Training large language models (LLMs) with chain-of-thought (CoT) supervision incurs prohibitive computational costs due to long, redundant reasoning trajectories. Method: This paper proposes an “edge-preserving” CoT compression paradigm that retains only the critical initial segment (problem understanding) and final segment (answer convergence), while pruning intermediate reasoning steps. The approach employs a structure-aware, three-stage analysis integrating heuristic truncation with semantic coherence constraints, and is compatible with mainstream architectures including Qwen and LLaMA. Contribution/Results: We provide the first theoretical and empirical evidence that preserving only the two endpoints suffices for lossless transfer of reasoning capability—breaking the conventional dependency on full-trajectory supervision. On MATH500, our method achieves accuracy comparable to full-CoT supervision while reducing training time by over 34%, significantly enhancing CoT distillation efficiency.

Large language models (LLMs) have shown remarkable reasoning capabilities when trained with chain-of-thought (CoT) supervision. However, the long and verbose CoT traces, especially those distilled from large reasoning models (LRMs) such as DeepSeek-R1, significantly increase training costs during the distillation process, where a non-reasoning base model is taught to replicate the reasoning behavior of an LRM. In this work, we study the problem of CoT condensation for resource-efficient reasoning training, aimed at pruning intermediate reasoning steps (i.e., thoughts) in CoT traces, enabling supervised model training on length-reduced CoT data while preserving both answer accuracy and the model's ability to generate coherent reasoning.

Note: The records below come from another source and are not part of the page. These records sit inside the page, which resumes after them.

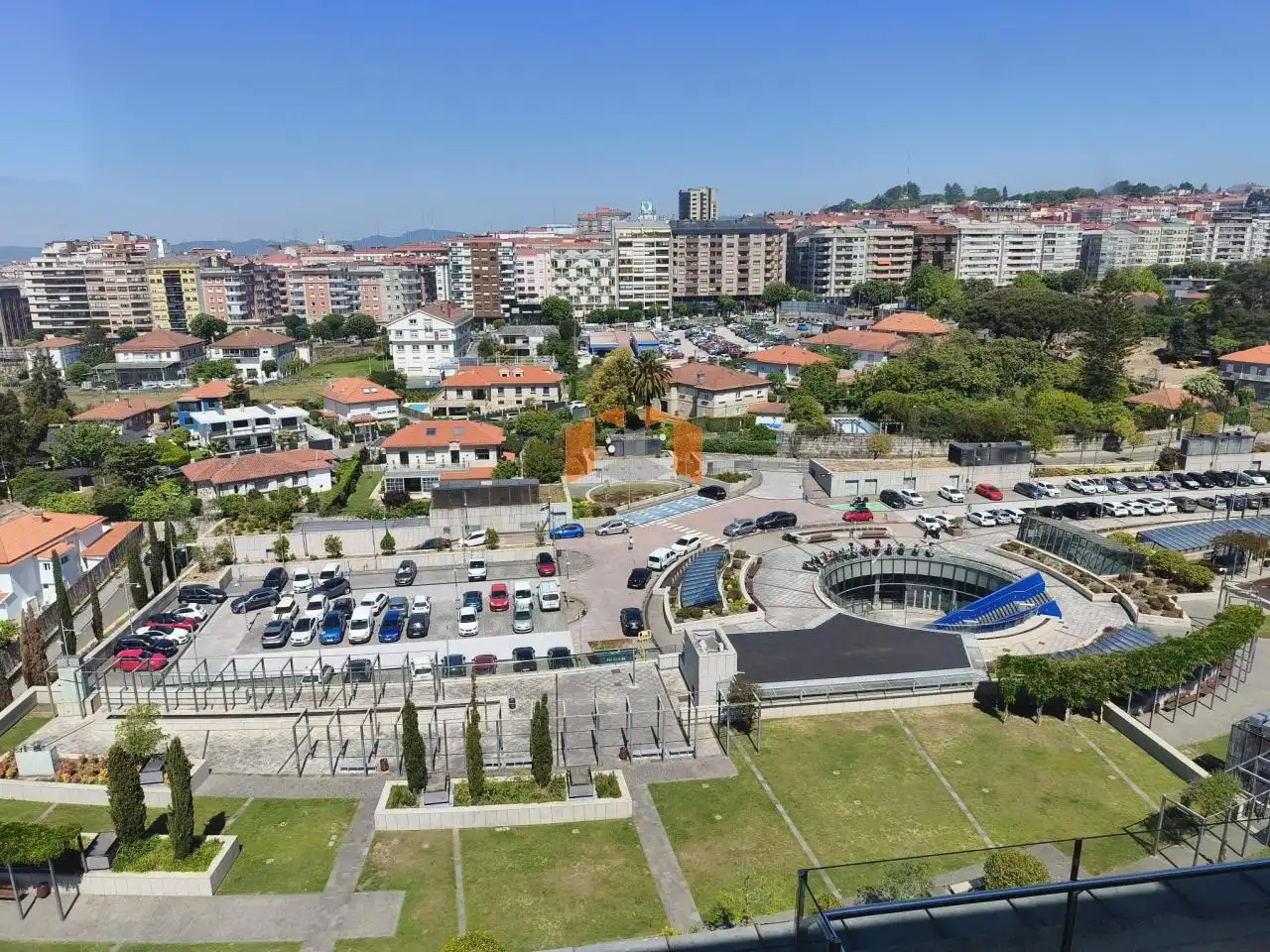 Parking de Ático en venta en Vigo  con Aire acondicionado, Calefacción y Terraza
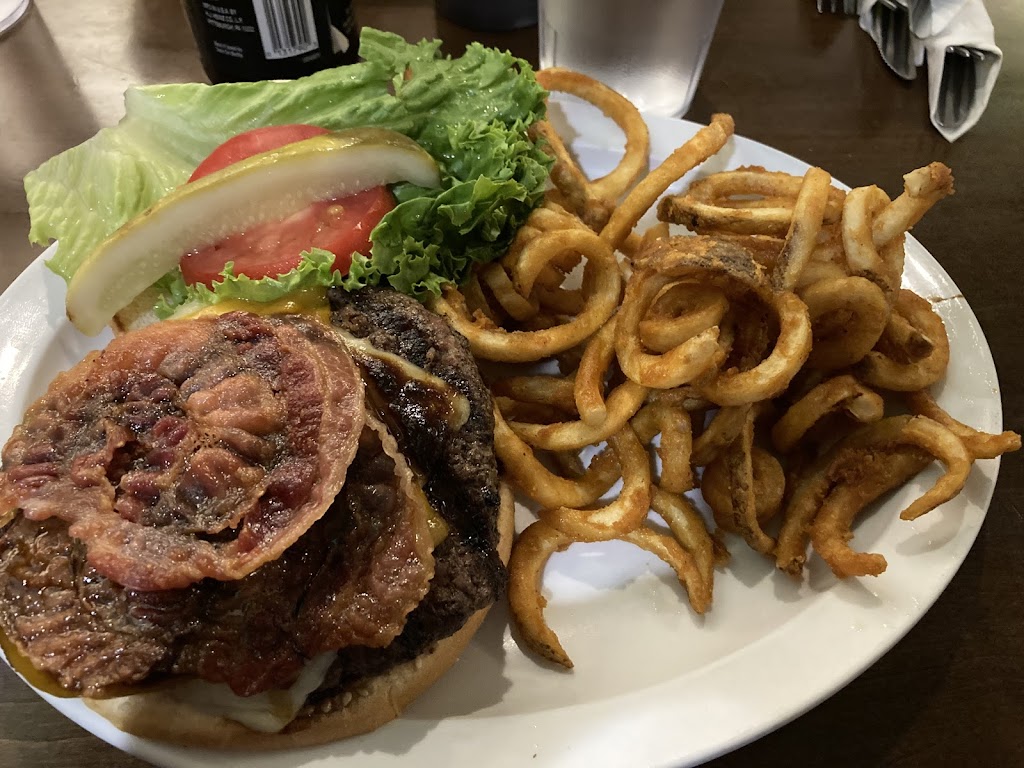 Big Hoss Grill | restaurant | 45 Village Square, Snowmass Village, CO 81615, USA | 9709232597 OR +1 970-923-2597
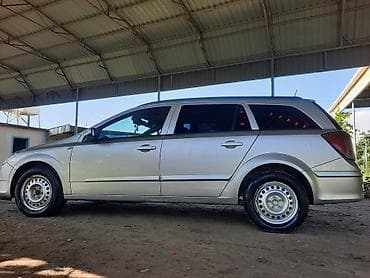 kia rio kreditle satisi: Opel Astra 1.3 turbo dizel (universal) – gümüşü rəngdə, 5 qapılı — 3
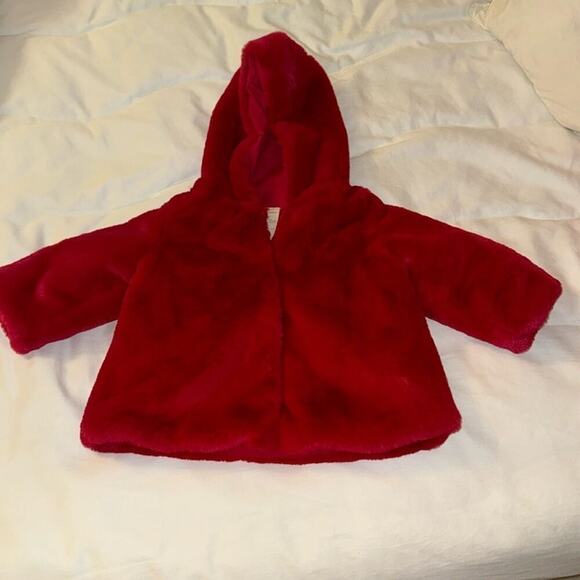First impressions brand red faux fur coat size 6-9 months EUC - Picture 5 of 10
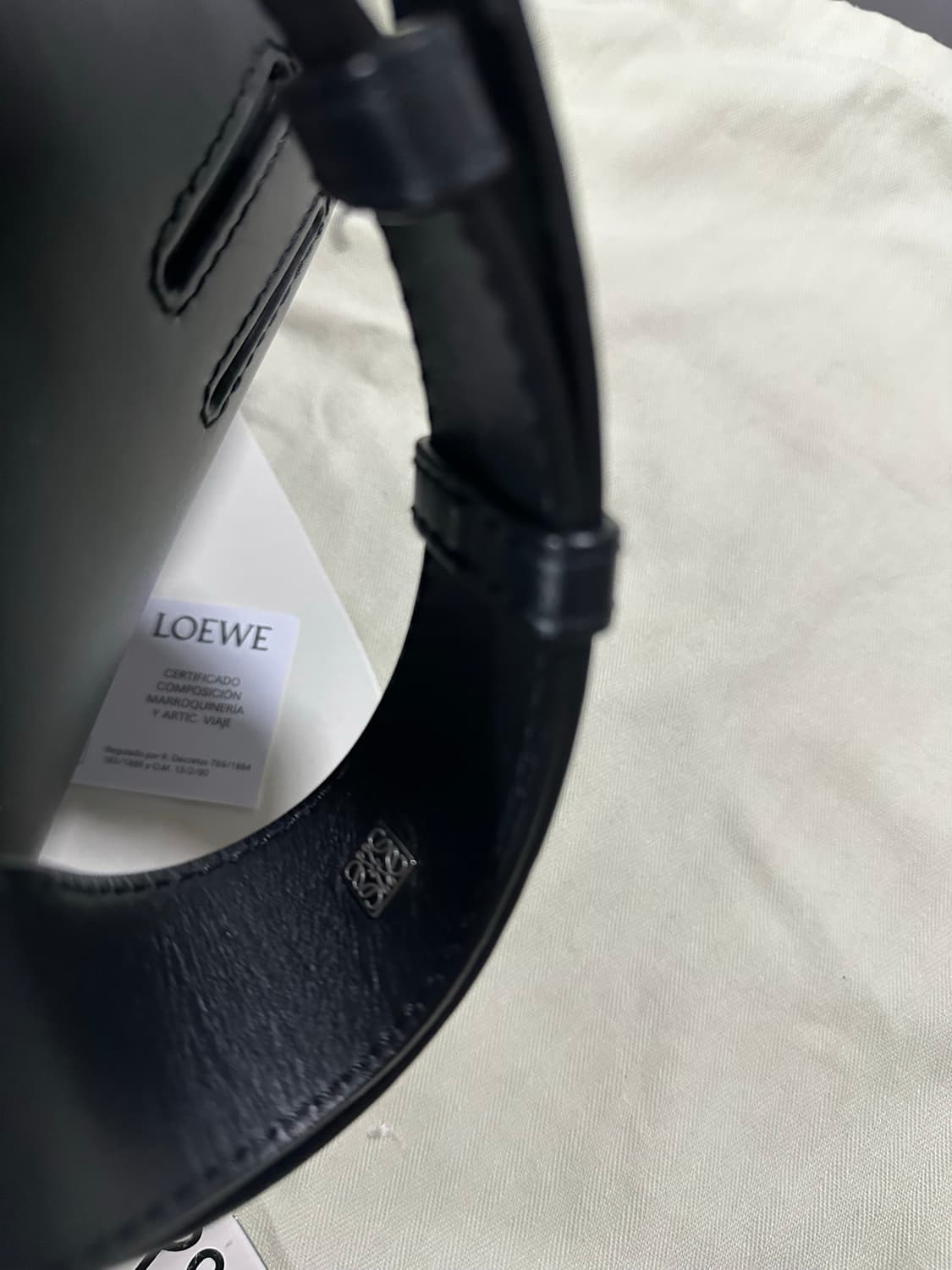 로에베 안톤 슬링백 (anton)블랙 상품이미지3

Our rationale is that CoT traces typically follow a three-stage structure: problem understanding, exploration, and solution convergence. Through empirical analysis, we find that retaining the structure of the reasoning trace, especially the early stage of problem understanding (rich in reflective cues) and the final stage of solution convergence, is sufficient to achieve lossless reasoning supervision. To this end, we propose an Edge-Preserving Condensation method, EPiC, which selectively retains only the initial and final segments of each CoT trace while discarding the middle portion. This design draws an analogy to preserving the"edge"of a reasoning trajectory, capturing both the initial problem framing and the final answer synthesis, to maintain logical continuity. Experiments across multiple model families (Qwen and LLaMA) and benchmarks show that EPiC reduces training time by over 34% while achieving lossless reasoning accuracy on MATH500, comparable to full CoT supervision. To the best of our knowledge, this is the first study to explore thought-level CoT condensation for efficient reasoning model distillation.